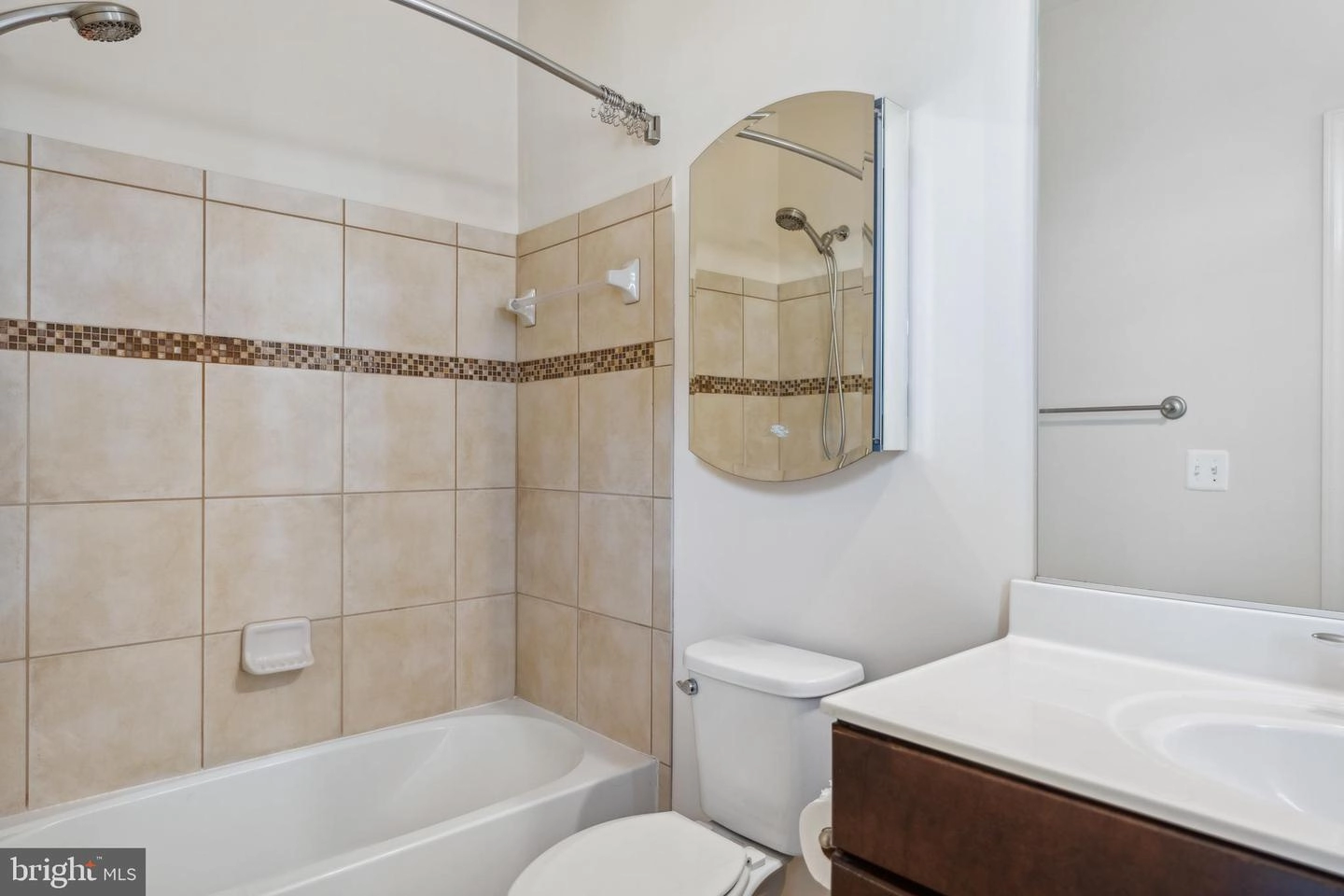42385 Guildhall Dr, Ashburn, VA 20148 photo 30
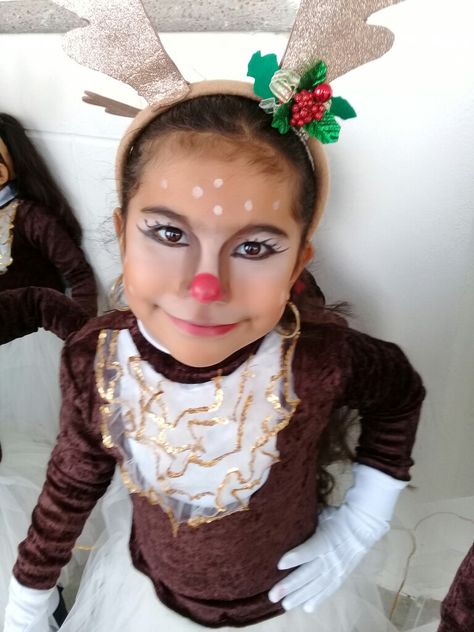 Festival Navideño- traje y maquillaje de reno Rudolph Diy Costume, Rudolph Face Paint Kids, Rudolph Makeup Kids, Rudolph Makeup, Rudolph Costume, Reindeer Face Paint, Reindeer Makeup, Reindeer Diy, Reindeer Costume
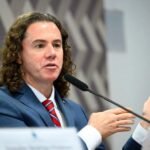Projeto de Veneziano abona faltas para pais e mães que acompanhem seus filhos com doenças graves ou hospitalizados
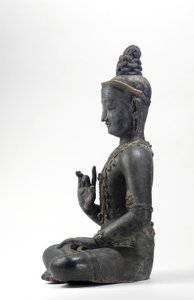 Nepalees-Chinese stijl bodhisattva (lak, doek, sporen van blauw, goud en groene verf & bladgoud)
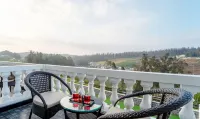 Treebo Skydale Premium Suites, 1500 Mtrs from Ooty Lake - Mountain view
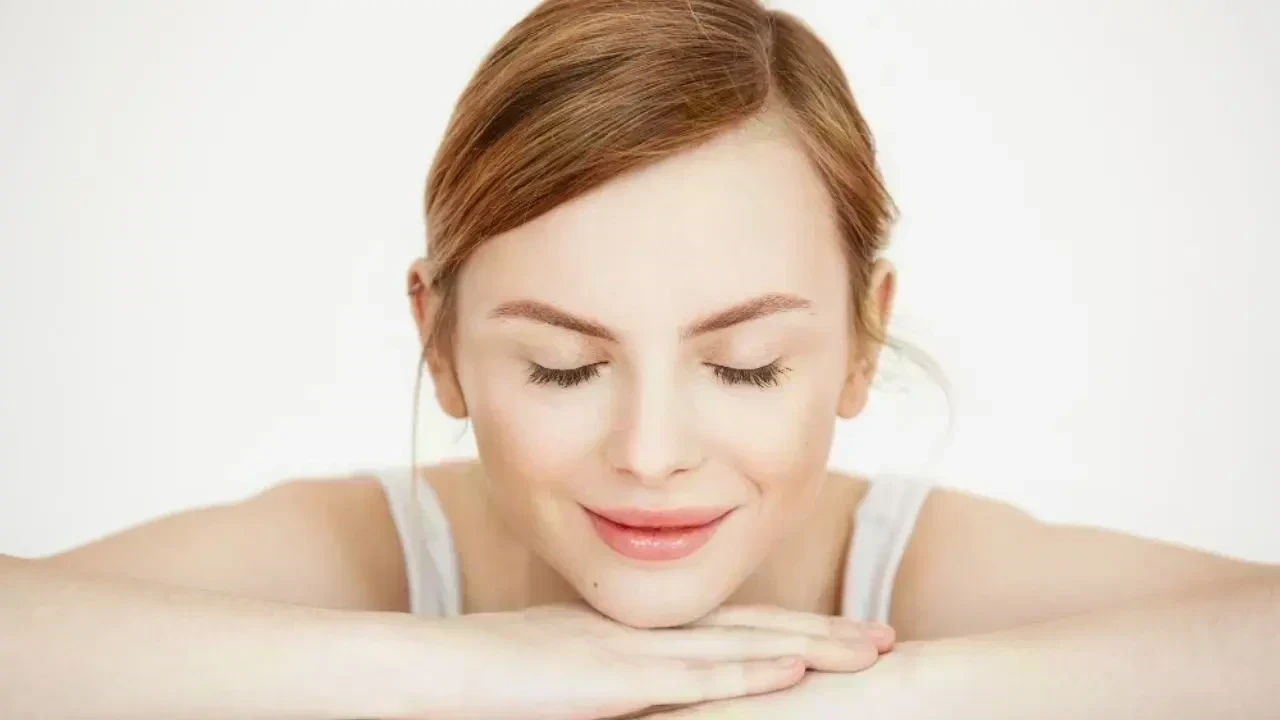 How to Make a Natural Moisturizer at Home: Easy Recipes for Soft and Healthy Skin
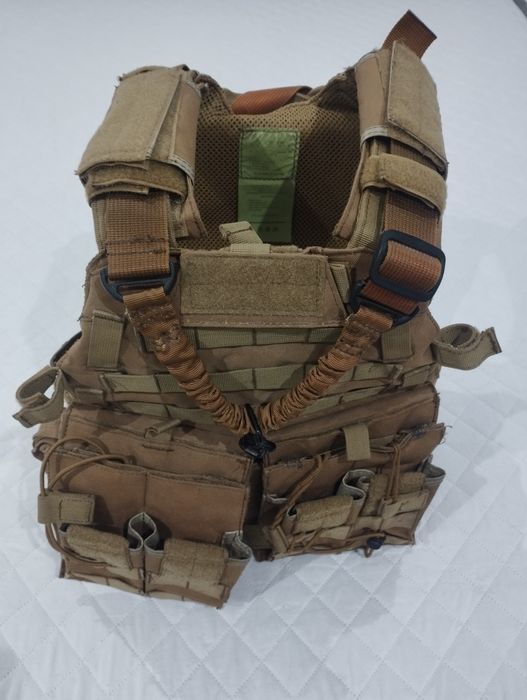 Colete Airsoft Semi-novo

# About this exercise:
Repeat each line word for word, from the one with "Projeto de Veneziano" down to the last line of the data, and keep the pictures out of it.

# Answer space:
Projeto de Veneziano abona faltas para pais e mães que acompanhem seus filhos com doenças graves ou hospitalizados
 Nepalees-Chinese stijl bodhisattva (lak, doek, sporen van blauw, goud en groene verf & bladgoud)
 Treebo Skydale Premium Suites, 1500 Mtrs from Ooty Lake - Mountain view
 How to Make a Natural Moisturizer at Home: Easy Recipes for Soft and Healthy Skin
 Colete Airsoft Semi-novo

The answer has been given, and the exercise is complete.